Assignment | Return every line from the listing where the word "Saint" occurs.

◆ ◆ ◆ ◆ ◆ ◆ ◆

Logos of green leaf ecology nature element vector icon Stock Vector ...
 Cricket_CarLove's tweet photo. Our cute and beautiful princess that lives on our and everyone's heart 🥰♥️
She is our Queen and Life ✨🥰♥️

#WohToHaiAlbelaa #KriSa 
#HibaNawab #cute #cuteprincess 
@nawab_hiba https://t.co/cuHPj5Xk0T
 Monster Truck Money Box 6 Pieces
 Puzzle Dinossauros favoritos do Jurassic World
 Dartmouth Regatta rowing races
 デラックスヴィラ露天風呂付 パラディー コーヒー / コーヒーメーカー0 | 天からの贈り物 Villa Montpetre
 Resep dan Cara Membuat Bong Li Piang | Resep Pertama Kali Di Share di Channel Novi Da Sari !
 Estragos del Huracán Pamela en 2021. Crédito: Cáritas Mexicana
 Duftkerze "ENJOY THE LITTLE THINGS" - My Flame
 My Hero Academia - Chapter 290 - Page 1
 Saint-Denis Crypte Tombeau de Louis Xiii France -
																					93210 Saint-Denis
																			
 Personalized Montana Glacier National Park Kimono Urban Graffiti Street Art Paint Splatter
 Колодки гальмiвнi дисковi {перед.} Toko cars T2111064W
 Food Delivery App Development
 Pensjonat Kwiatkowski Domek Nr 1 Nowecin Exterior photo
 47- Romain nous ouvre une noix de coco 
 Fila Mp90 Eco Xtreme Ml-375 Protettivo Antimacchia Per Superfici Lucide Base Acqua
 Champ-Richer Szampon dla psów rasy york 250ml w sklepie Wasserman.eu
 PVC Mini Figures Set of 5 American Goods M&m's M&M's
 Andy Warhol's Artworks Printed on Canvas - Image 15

◆ ◆ ◆ ◆ ◆ ◆ ◆

Answer space |
 Saint-Denis Crypte Tombeau de Louis Xiii France -
																					93210 Saint-Denis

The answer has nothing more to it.